**<div style='font-size:200%'>Batch Transform using the gluonts entrypoint</div>**

In this notebook, we first register a model artifact into a SageMaker model, then perform a batch evaluation. Optionally, we deregister the model.

In [None]:
%matplotlib inline
%load_ext autoreload
%autoreload 2
%config InlineBackend.figure_format = 'retina'

import logging
import sagemaker as sm
from sagemaker.mxnet.model import MXNetModel

from smallmatter.sm import get_sm_execution_role, get_model_and_output_tgz

# smallmatter.sm.get_sm_execution_role() will:
# - on SageMaker classic notebook instance, simply call sagemaker.get_execution_role()
# - outside of SageMaker classic notebook instance, return the first role whose name
#   startswith "AmazonSageMaker-ExecutionRole-"
role: str = get_sm_execution_role()

sess = sm.Session()
region: str = sess.boto_session.region_name

# Global config

In [None]:
bucket = 'BUCKETNAME'

# I/O S3 paths MUST have trailing '/'
bt_input = f's3://{bucket}/gluonts-examples-dataset/synthetic-dataset/test/'   # Reuse test-split from notebook 01.
bt_output = f's3://{bucket}/bt_output/'

# Use artifacts from this training job.
train_job = "mxnet-training-2021-09-29-08-04-10-326"

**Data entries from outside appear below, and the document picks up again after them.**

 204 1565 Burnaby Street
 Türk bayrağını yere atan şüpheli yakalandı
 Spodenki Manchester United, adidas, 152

# Observe training results

As in any SageMaker training job, entrypoint script will generate two artifacts in the S3: `model.tar.gz` and `output.tar.gz`.

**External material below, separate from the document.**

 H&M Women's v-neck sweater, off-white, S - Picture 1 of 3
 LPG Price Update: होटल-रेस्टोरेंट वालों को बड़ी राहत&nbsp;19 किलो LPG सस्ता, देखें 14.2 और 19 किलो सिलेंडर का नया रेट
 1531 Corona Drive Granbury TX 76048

The `model.tar.gz` contains the persisted model that can be used later on for inference.

The `output.tar.gz` contains the following:
- individual plot of each test timeseries
- montage of plots of all test timeseries
- backtest evaluation metrics.

In [None]:
model_tgz, output_tgz = (str(path) for path in get_model_and_output_tgz(train_job))

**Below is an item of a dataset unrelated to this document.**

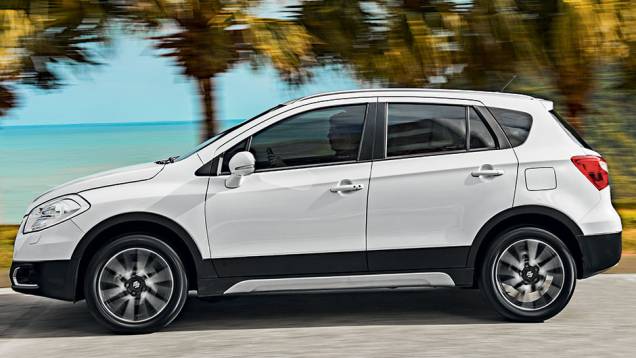 Rodas aro 18: esportividade ao SUV comportado | <a href="https://quatrorodas.abril.com.br/carros/testes/suzuki-s-cross-867220.shtml" target="_blank" rel="migration">Leia mais</a> Rodas aro 18: esportividade ao SUV comportado | <a href="https://quatrorodas.abril.com.br/carros/testes/suzuki-s-cross-867220.shtml" target="_blank" rel="migration">Leia mais</a>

%set_env MODEL_S3=$model_tgz
%set_env OUTPUT_S3=$output_tgz

In [None]:
%%bash
echo -e "\nModel artifacts $MODEL_S3:"
aws s3 cp $MODEL_S3 - | tar -tzvf -

echo -e "\nOutput $OUTPUT_S3:"
aws s3 cp $OUTPUT_S3 - | tar -tzvf - | head  # NOTE: "[Errno 32] Broken pipe" can be safely ignored.

# Create model

Let SDK auto-generates the new model name, so we can safely make this notebook reentrant.

In [None]:
mxnet_model = MXNetModel(
        model_data=model_tgz,
        role=role,
        entry_point='inference.py',
        source_dir='../src/entrypoint',
        py_version="py3",
        framework_version="1.7.0",
        sagemaker_session=sess,
        container_log_level=logging.DEBUG,   # Comment this line to reduce the amount of logs in CloudWatch.
    )

A bit of reverse engineering, to confirm env. vars that the model will end-up using. Will be useful when the time comes where I need to do all these in boto3 or botocore.

In [None]:
# Before create model
mxnet_model._framework_env_vars()

In [None]:
# Create model
mxnet_model._create_sagemaker_model(instance_type='ml.m5.xlarge')

In [None]:
# Model name
mxnet_model.name

In [None]:
mxnet_model._framework_env_vars()

In [None]:
# Peek into model's model.tar.gz (which is different from training artifact model.tar.gz).
model_s3 = mxnet_model._framework_env_vars()['SAGEMAKER_SUBMIT_DIRECTORY']
%set_env MODEL_S3=$model_s3
!aws s3 cp $MODEL_S3 - | tar -tzvf -

# Batch Transform

In [None]:
instance_type = 'ml.m5.4xlarge'

# By default, GluonTS runs inference with multiple cores.
# On ml.m5.4xlarge with 8 cpu cores (= vcpu_count / 2), a single request
# already reported 75% CPU utilization (viewed in CloudWatch metrics; measured
# with gluonts-0.5).
#
# Note that this number was specific to the gluonts-0.5's DeepAR example.
# Other algorithms and gluonts versions may need different configurations.
max_concurrent_transforms = 1

bt = mxnet_model.transformer(
    instance_count=1,
    instance_type='ml.m5.4xlarge',
    strategy='MultiRecord',
    assemble_with='Line',
    output_path=bt_output,
    accept='application/json',
    env={
        'SAGEMAKER_MODEL_SERVER_TIMEOUT': '3600',
        'SAGEMAKER_MODEL_SERVER_WORKERS': str(max_concurrent_transforms),
    },
    max_payload=1,
    max_concurrent_transforms=max_concurrent_transforms,
)

In [None]:
bt.base_transform_job_name

In [None]:
# Setting wait=False (which is the default) frees this notebook
# from getting blocked by the transform job.
bt.transform(
    data=bt_input,
    data_type='S3Prefix',
    content_type='application/json',
    split_type='Line',
    join_source='Input',
    output_filter='$',
    wait=False,
    logs=False,
)

By setting `wait=False` (which is the default for transform jobs), while the transform job is running, you can may shutdown this notebook's kernel, close this notebook, and go to the SageMaker console to monitor the batch-transform progress. The batch-transform job's console also contains links to CloudWatch log.

Once the job finishes, from the batch-transform job's console, you can follow through the S3 output location, where you can preview or download the output.

# Delete model

Uncomment and execute cell to "deregister" the model from SageMaker. The inference model artifacts remain untouched in S3.

In [None]:
#mxnet_model.delete_model()